The summer of ’88 was a hot one. But maybe I remember it hotter than it was because back then there was no air conditioning on the subway. In those months, the New York City subway was the final leg of my morning commute to an unpaid state government internship with the Office of the Ombudsman, where I did constituent work.

I had just finished my sophomore year of college, and living in the City was out of the question. So I lived at home in Eatontown, New Jersey, with my parents. Every morning my mother would drive me to the Little Silver train station, where I would join the hordes of commuters for the hour-long trek to Penn Station in Manhattan. Then I took the sweaty subway to a downtown government office building.

Kindles were decades in the future, so if you wanted to read a big fat book, you had to lug it around. Just before my internship I found a big fat book I wanted to read, so I lugged it onto the train each day, in my JanSport backpack. The book was called “Robert Kennedy and His Times” by Arthur M. Schlesinger, Jr. It ran to 983 pages; 1,163 pages if you counted the notes and index. The cover contained this boast: “THE MAGNIFICENT NATIONWIDE BESTSELLER.” And this mournful question: “Who can say what might have been?”

I read it cover to cover that summer. I trust you will believe me when I tell you, I read the living hell out of that book. For an hour each morning and an hour each evening, I shut the world out and lived in Bobby Kennedy’s times. I was 19-years-old and impressionable and ready to inject idealism into my veins. It may not have been the most balanced treatment of Kennedy; Schlesinger, an ardent Kennedy supporter and advisor, paints a wholly flattering portrait. But I mainlined it anyway.

I have been thinking about that book this week – or more accurately, the experience of reading that book. Sunday was the 53rd anniversary of the assassination of its subject. Kennedy was 42. Most years I quietly mark it in some way (I feel a similar way about April 4th). I might pick up my copy of “Thirteen Days,” Kennedy’s own book about the Cuban missile crisis. Or I might go back over an old speech of his. Sometimes it’s the address he made to the Democratic National Convention the year after his brother was killed, where he was applauded for some 22 minutes before he could pay tribute to John. And sometimes I pull up the video of Ted Kennedy’s eulogy of Bobby, in which Ted mostly quotes his fallen brother’s finest oration.

This year I didn’t mark the anniversary.
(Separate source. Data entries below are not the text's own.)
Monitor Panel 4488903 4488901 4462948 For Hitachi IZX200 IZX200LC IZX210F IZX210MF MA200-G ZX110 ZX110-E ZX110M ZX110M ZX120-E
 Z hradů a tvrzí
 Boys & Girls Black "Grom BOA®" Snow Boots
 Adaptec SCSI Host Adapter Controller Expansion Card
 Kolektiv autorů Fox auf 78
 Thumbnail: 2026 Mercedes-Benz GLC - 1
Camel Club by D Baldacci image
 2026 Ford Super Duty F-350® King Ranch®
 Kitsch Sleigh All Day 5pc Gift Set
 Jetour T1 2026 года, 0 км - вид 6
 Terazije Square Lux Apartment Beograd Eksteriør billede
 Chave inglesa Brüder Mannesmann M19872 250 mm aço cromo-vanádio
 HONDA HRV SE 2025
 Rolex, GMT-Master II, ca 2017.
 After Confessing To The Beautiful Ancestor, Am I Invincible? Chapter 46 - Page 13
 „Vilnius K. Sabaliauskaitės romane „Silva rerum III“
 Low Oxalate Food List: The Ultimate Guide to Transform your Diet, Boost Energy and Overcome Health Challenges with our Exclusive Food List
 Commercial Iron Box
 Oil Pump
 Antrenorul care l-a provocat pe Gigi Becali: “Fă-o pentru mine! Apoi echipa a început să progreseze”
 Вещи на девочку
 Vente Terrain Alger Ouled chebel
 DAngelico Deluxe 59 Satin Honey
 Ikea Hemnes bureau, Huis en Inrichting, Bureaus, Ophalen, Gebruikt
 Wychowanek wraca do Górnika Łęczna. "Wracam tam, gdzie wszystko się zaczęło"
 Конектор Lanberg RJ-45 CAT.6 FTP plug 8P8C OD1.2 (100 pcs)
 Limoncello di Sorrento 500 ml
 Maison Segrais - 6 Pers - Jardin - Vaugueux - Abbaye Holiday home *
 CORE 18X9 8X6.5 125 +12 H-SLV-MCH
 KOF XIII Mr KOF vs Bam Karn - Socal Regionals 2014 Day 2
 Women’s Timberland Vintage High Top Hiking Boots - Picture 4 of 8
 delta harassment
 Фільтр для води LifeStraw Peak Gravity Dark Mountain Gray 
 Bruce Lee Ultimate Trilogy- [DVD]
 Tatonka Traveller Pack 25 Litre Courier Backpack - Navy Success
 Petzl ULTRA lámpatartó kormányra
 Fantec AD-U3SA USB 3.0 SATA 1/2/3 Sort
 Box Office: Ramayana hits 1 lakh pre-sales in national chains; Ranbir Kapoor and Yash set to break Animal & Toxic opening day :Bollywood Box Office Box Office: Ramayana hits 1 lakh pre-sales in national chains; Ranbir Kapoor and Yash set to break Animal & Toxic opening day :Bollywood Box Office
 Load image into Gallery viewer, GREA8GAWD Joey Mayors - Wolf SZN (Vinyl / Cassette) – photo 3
I forgot.

Sunday was a busy day; my wife and I drove my daughter to college where she has a research fellowship for the summer. It’s her first time on campus in 15 months, which means that it’s her first time not living with us in 15 months. And so I was a bit sad that day. It also occurs to me that she is the exact same age as I was in the summer of ’88.

On Monday I remembered the anniversary and also the book I read that summer. I stopped whatever I was doing and went hunting for it. I finally found it on the top shelf of a bookcase in the family room. It sure looks 33 years old.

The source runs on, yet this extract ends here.